Si la guerre contre l’Iran se prolonge, si le changement de régime n’a pas lieu, si l’envoi de troupes terrestres devient nécessaire ou si les prix du pétrole augmentent fortement, la cote de popularité de Trump pourrait chuter davantage.

Cependant, même dans un tel scénario, l’influence israélienne dans les équilibres du Congrès pourrait continuer à soutenir Washington dans cette guerre. Le coût politique pourrait se traduire par la perte d’une ou des deux chambres du Congrès lors des élections de novembre.

Trump cherche probablement à mettre fin aux opérations militaires dans les prochains mois en trouvant une formule lui permettant de proclamer une victoire politique. La condition principale serait que l’Iran ne soit plus en mesure de mener des attaques de missiles balistiques.

Plus l’Iran pourra retarder ce moment, plus la pression de l’opinion publique américaine sur Trump augmentera. Mais cela ne suffira probablement pas à mettre fin à la guerre, car Israël continuera d’utiliser toute son influence sur le Congrès.
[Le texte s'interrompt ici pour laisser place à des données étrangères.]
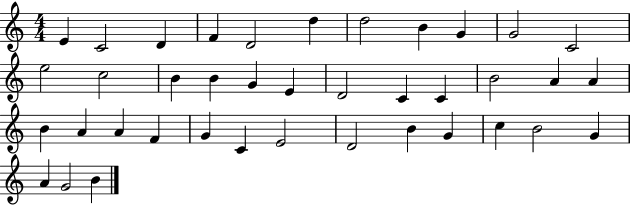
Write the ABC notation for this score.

X:1
T:Untitled
M:4/4
L:1/4
K:C
E C2 D F D2 d d2 B G G2 C2 e2 c2 B B G E D2 C C B2 A A B A A F G C E2 D2 B G c B2 G A G2 B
Même s’il devait perdre une chambre du Congrès et même s’il ne peut plus se représenter, supposer que Trump souhaite nécessairement mettre fin rapidement à la guerre pourrait être une erreur d’analyse.

En réalité, l’Iran semble n’avoir plus d’autre option que d’augmenter le coût de la guerre pour les États-Unis et Israël.
Le Congrès américain, malgré l’opposition d’une grande partie de l’opinion publique, a déjà signalé qu’il était prêt à assumer ce coût.
Les États-Unis disposent de la capacité militaire nécessaire pour affaiblir la résistance iranienne, même si leurs objectifs politiques restent flous, notamment sur la question du changement de régime.
Mais neutraliser la marine iranienne, établir la supériorité aérienne et réduire les capacités balistiques du pays ne suffira pas à faire tomber le régime.
Pour cela, il faudrait un soulèvement de la population iranienne. Or Washington semble avoir peu réfléchi à la préparation politique d’un tel scénario.

Si les États-Unis tentaient de renverser le régime en s’appuyant sur des groupes comme PJAK ou en attisant des tensions ethniques et confessionnelles, le risque d’une guerre civile deviendrait réel. S’ils envoyaient des troupes au sol, des scénarios similaires à ceux vécus en Irak pourraient émerger.

Tout cela montre que les États-Unis et Israël peuvent peut-être établir une supériorité militaire au prix de coûts élevés, mais qu’imposer un changement politique en Iran sera beaucoup plus difficile.